• [TASK TO COMPLETE]
The answer should consist of the full listing below, repeated exactly and free of pictures.
*** MATERIAL PROVIDED Section Begins ***
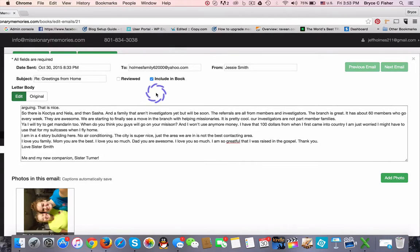You have many different editing options with the Missionary Memories Program. Let's take a look at this email.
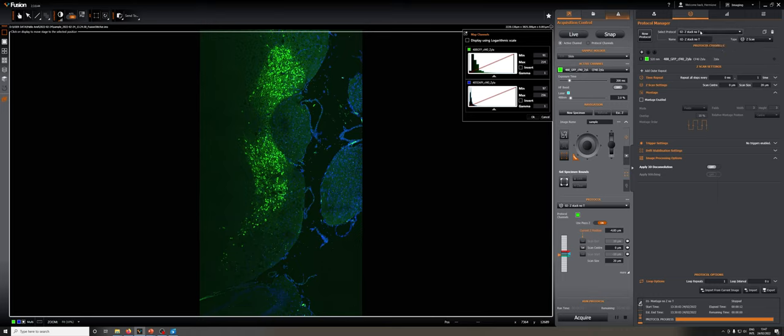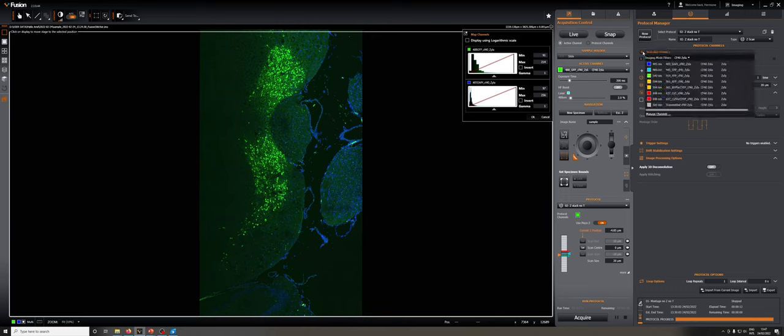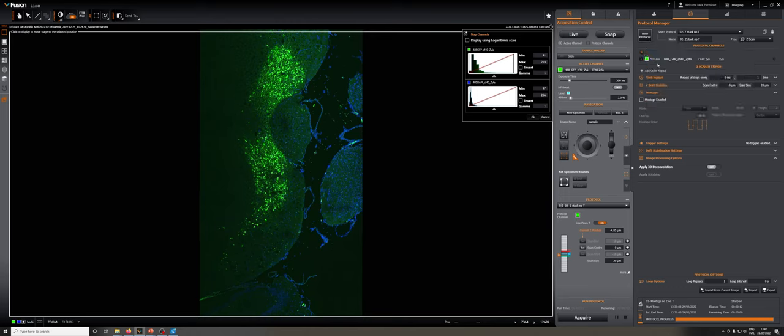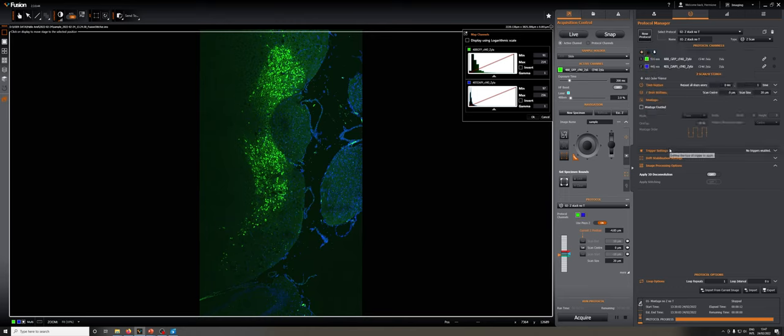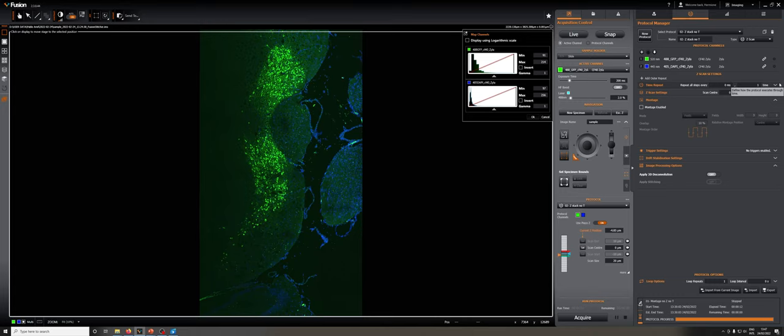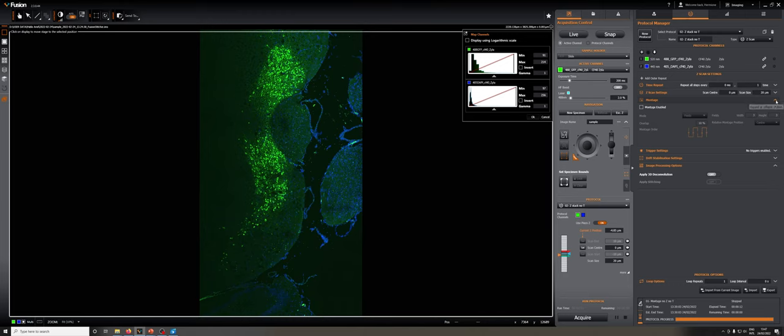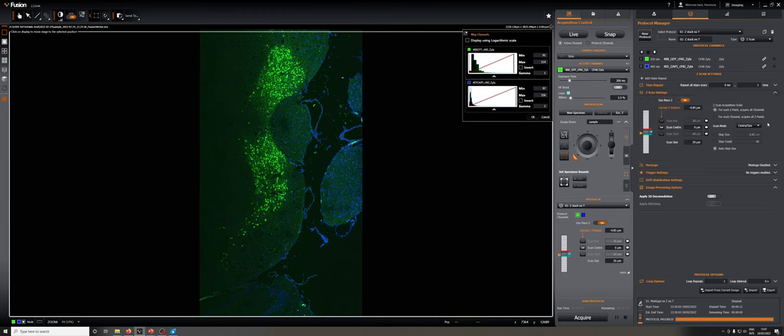Once I change protocols, I have to make sure I have the channels that I want. I'm going to add DAPI. I still don't want to do any time lapse. Now you can see the montage is not enabled. I'm going to minimize this and expand the Z settings.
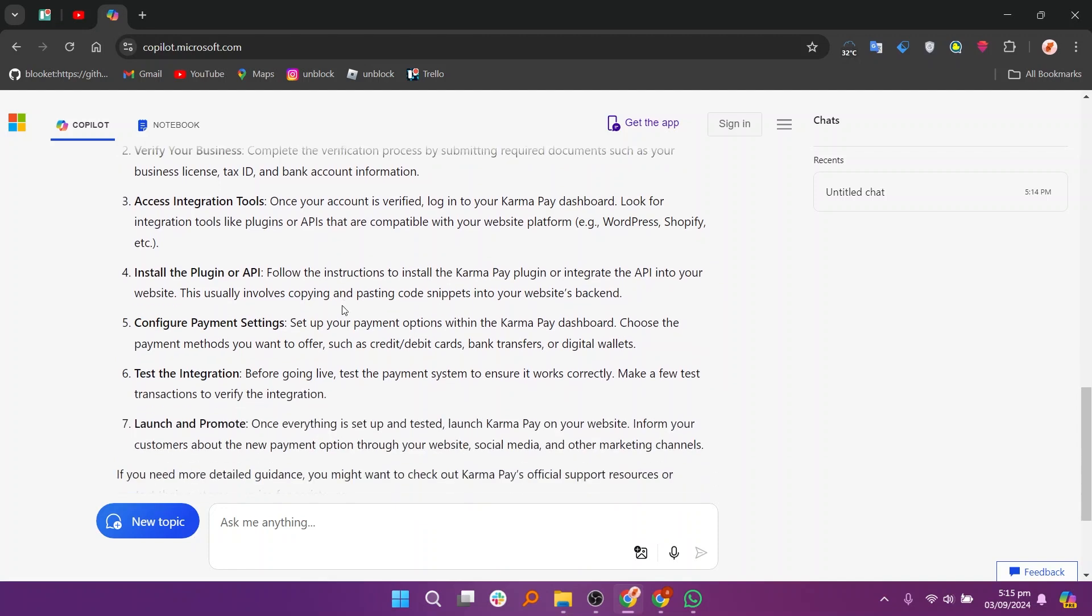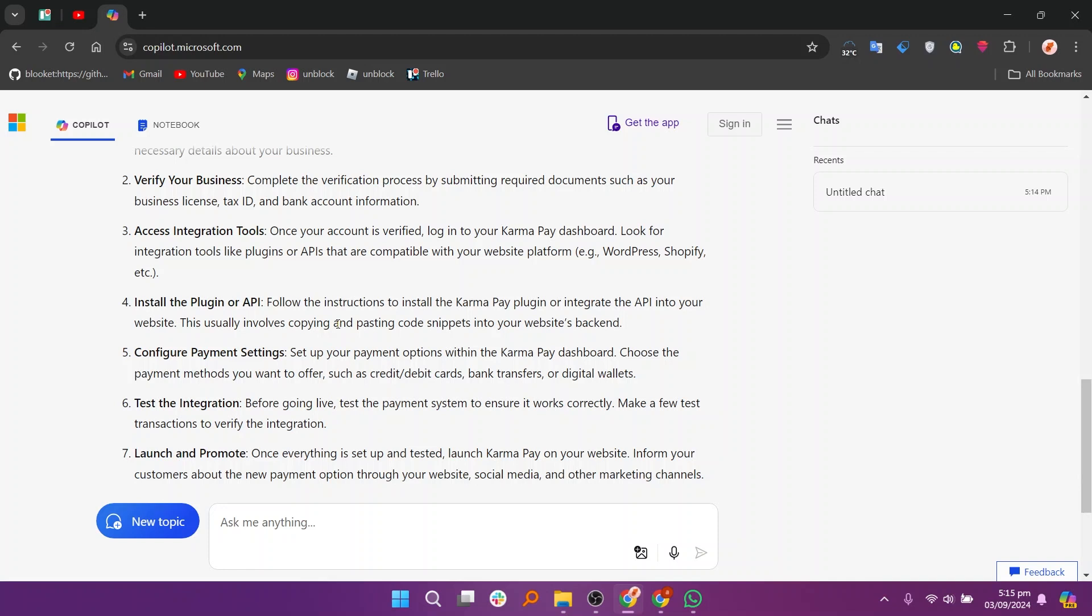Follow the instructions to install the KarmaPay plugin or integrate the API into your website. This usually involves copying and pasting code snippets into your website's backend.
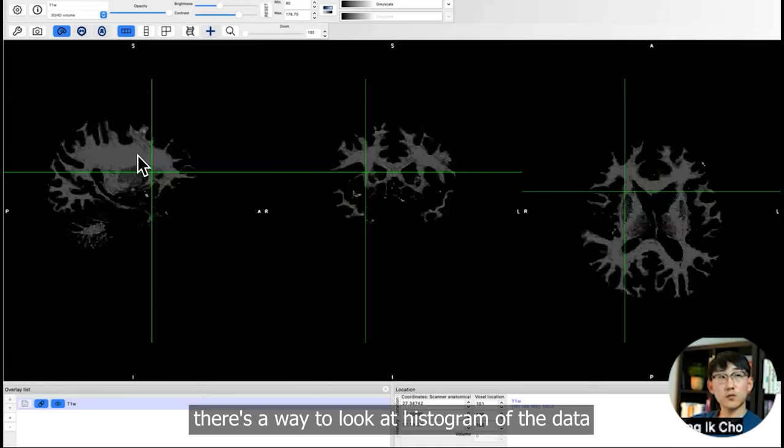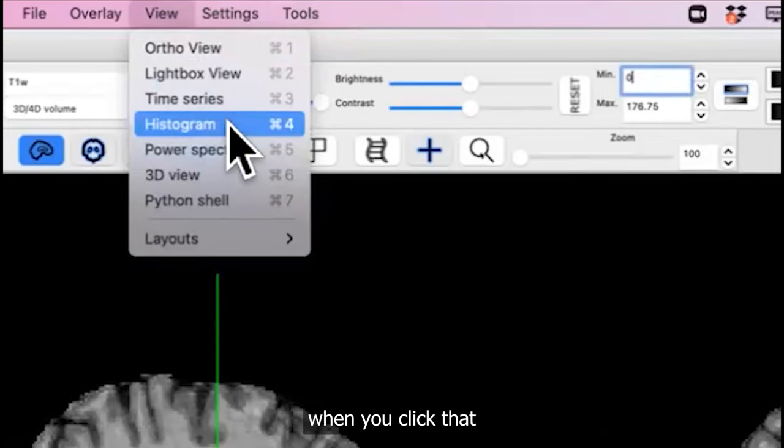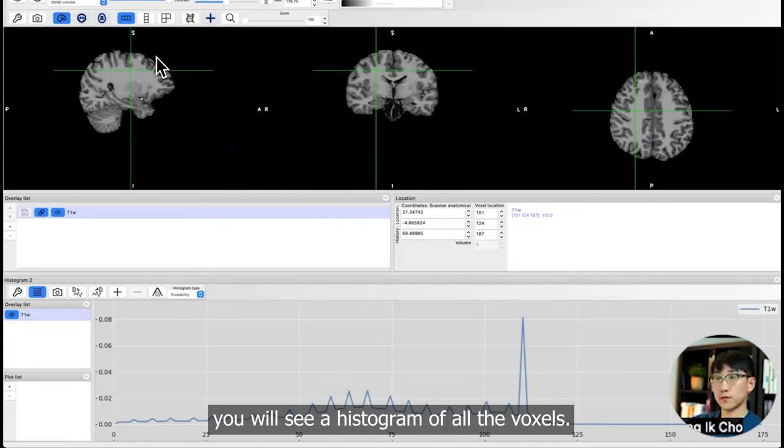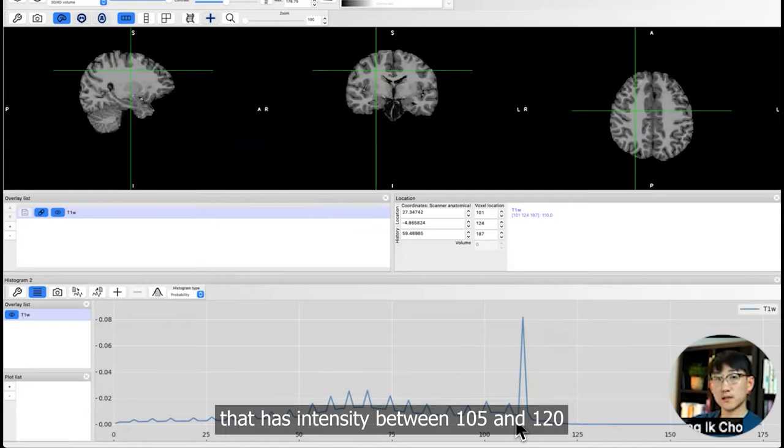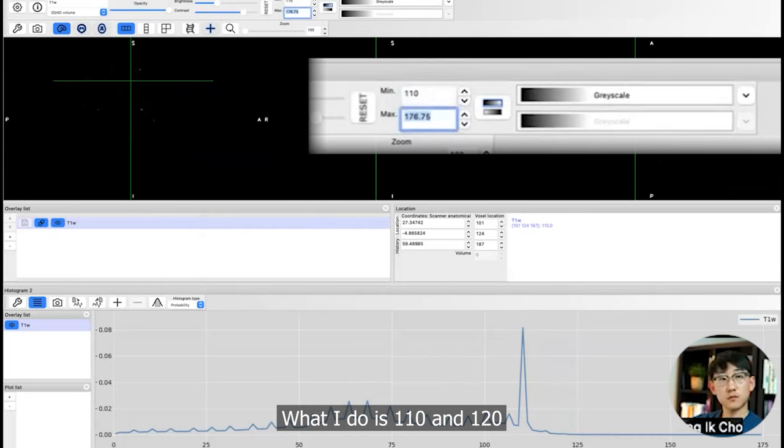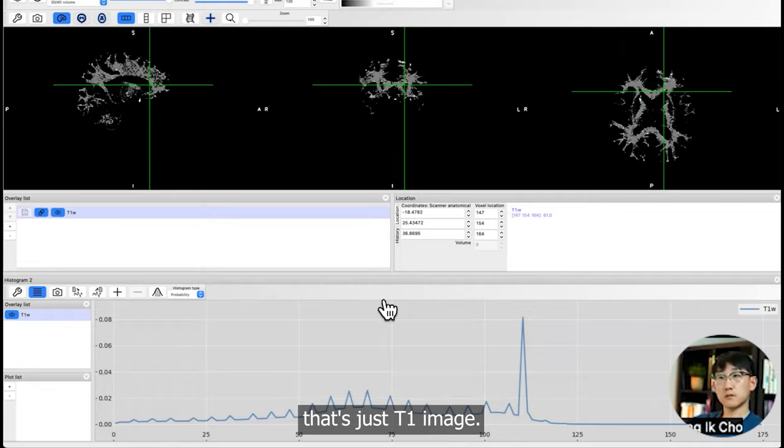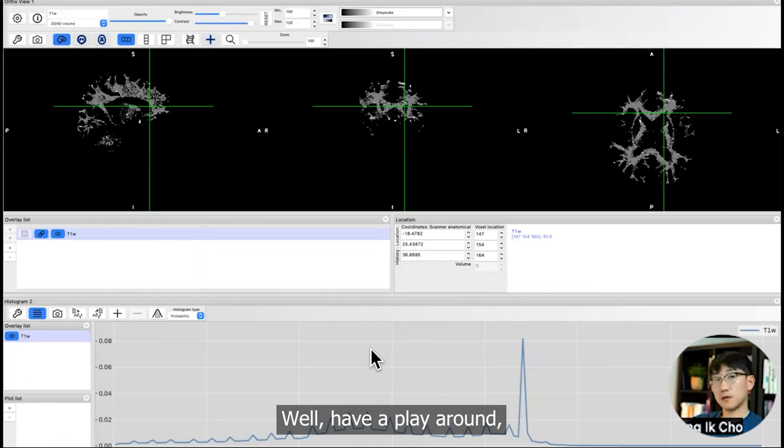There's a way to look at the histogram of the data. Go to View and click on Histogram. When you click that, you'll see a histogram of all the voxels. What it means is that there are many voxels that have intensity between 105 and 120. I wonder what that is. What I do is 110 to 120, set it as 100. There are many voxels which is represented here. So white matter. That's just T1. I'm happy if you got the concept that neural image data is an array.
*** MATERIAL PROVIDED Section Ends ***
• [RESULT]
You have many different editing options with the Missionary Memories Program. Let's take a look at this email.
Once I change protocols, I have to make sure I have the channels that I want. I'm going to add DAPI. I still don't want to do any time lapse. Now you can see the montage is not enabled. I'm going to minimize this and expand the Z settings.
Follow the instructions to install the KarmaPay plugin or integrate the API into your website. This usually involves copying and pasting code snippets into your website's backend.
There's a way to look at the histogram of the data. Go to View and click on Histogram. When you click that, you'll see a histogram of all the voxels. What it means is that there are many voxels that have intensity between 105 and 120. I wonder what that is. What I do is 110 to 120, set it as 100. There are many voxels which is represented here. So white matter. That's just T1. I'm happy if you got the concept that neural image data is an array.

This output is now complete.